Been playing with PEEK for the past week.

Been playing with PEEK for the past week.

Printed a PEEK heat sink (J Head clone?)
Though it won’t be replacing the aluminum one any time soon, it’s still awesome.

Can you elaborate on what PEEK is and it’s properties that set it appart from other plastics (and why you made a heat sink out of it)?

@_Spice polyetheretherketone. You can look up its properties.
In the RepRap world, before there were all metal hotends, they were made from PEEK.

As for why I made it - mainly to say that I printed a functional hot end component.

@Taylor_Landry1 - Wow. Who’s the supplier of PEEK? Are you using a glass-filled PTFE liner?

It’s a PEEK filament we (MatterHackers) are working with a compounder on.

Not using GF PTFE. It has a stock E3D v6 heat break in it, so PTFE is about 15mm above the bottom of the part.

I’ll be actively cooling it, and I’m only planning to print PLA with it, so the PTFE shouldn’t have any issues.

@Taylor_Landry1 ah yeah - I skimmed over the picture too fast. Cool stuff still!

Is the PEEK giving you guys problems trying to spool? I think E3D had tried something like this and what they ended up getting were “sticks” of PEEK that had to be fed in one at a time.

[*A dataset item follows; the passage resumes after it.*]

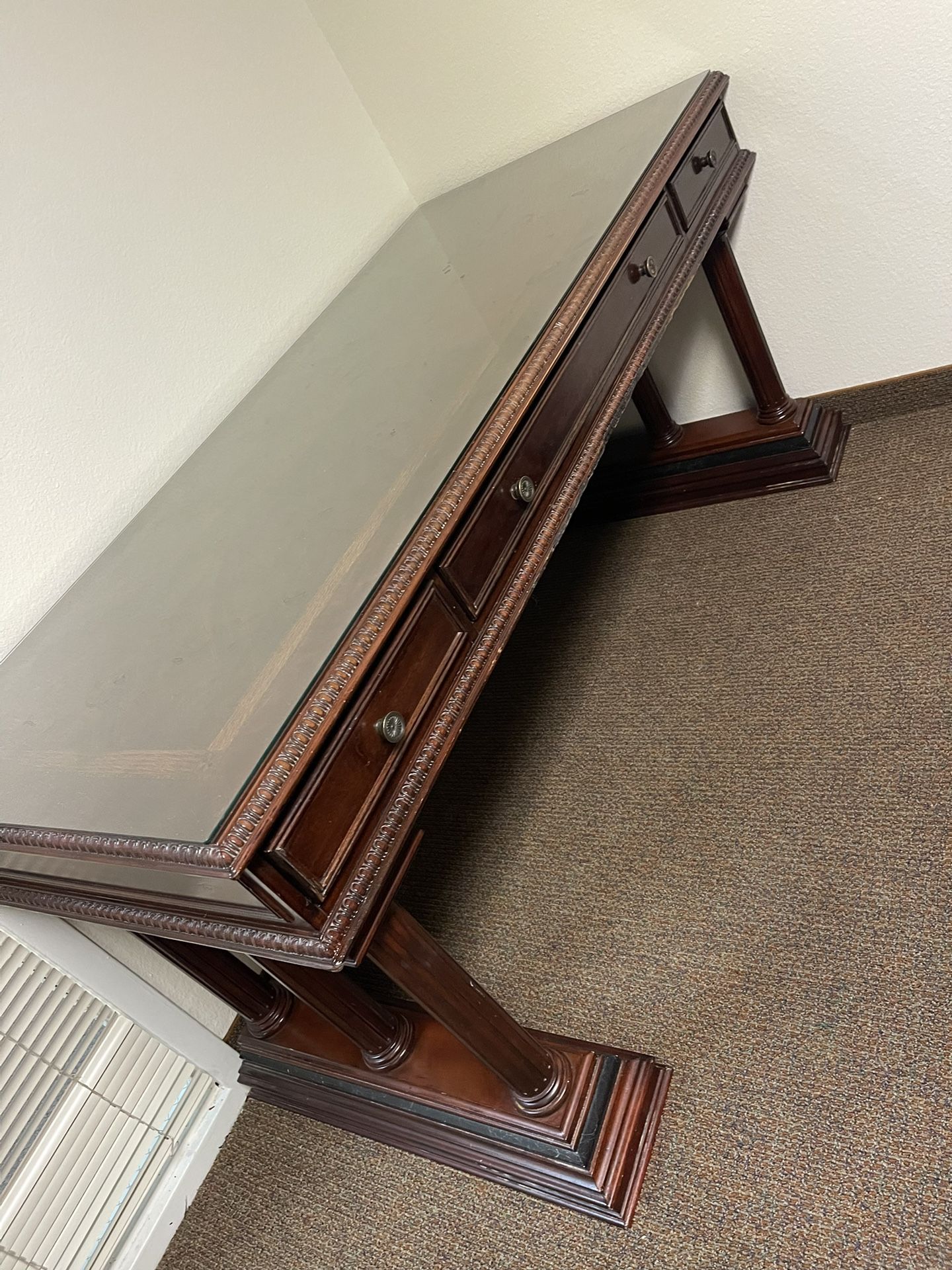 Bombay Company Richmond Desk w/ Glass Top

@ThantiK nope, no issues with spooling. Got 200g and 500g spools. Working on a 2kg size too… In case you want a spool of filament that costs over $1000

@Taylor_Landry1 print settings, chamber temp?

450c hot end, 160c bed, 90c chamber. Print speeds 40mm/s

PVP glue stick on a frosted glass plate

@Taylor_Landry1 interesting, thanks. That’s up near the glass temp of PVP so I’m surprised it’s working as an adhesive at that point.

Yes, it appears to crystallize on the bed. But it does work

Looks like it’s still in amorphous state, to get the true industrial properties of PEEK, it needs to become crystallized (according to my limited understanding of PEEK)
According to a person I spoke to, who is smarter then me, if PEEK isn’t in crystal form, it’s not really better then ABS/PETG.

@Daid_Braam it has definitely crystallized, though it needs to be annealed in order to crystallize it fully (or as much as it is able). It is a pretty awesome material.

Amorphous PEEK is translucent and looks like amber, crystalline is tan like the image. I prefer the amorphous but I’ve been told it needs to be annealed for maximum properties, including chemical resistance.

Peek makes a great heat break for compact hot ends. It has an extremely low rate of heat transfer better than ceramic. As long as you don’t put too much compression pressure on it it does not melt or deform at moderate printing temperatures up to about 250-260 C. I use it on all my printers extruders. See an example below. It is the darkish caramel color piece between the hot end and the mounting block.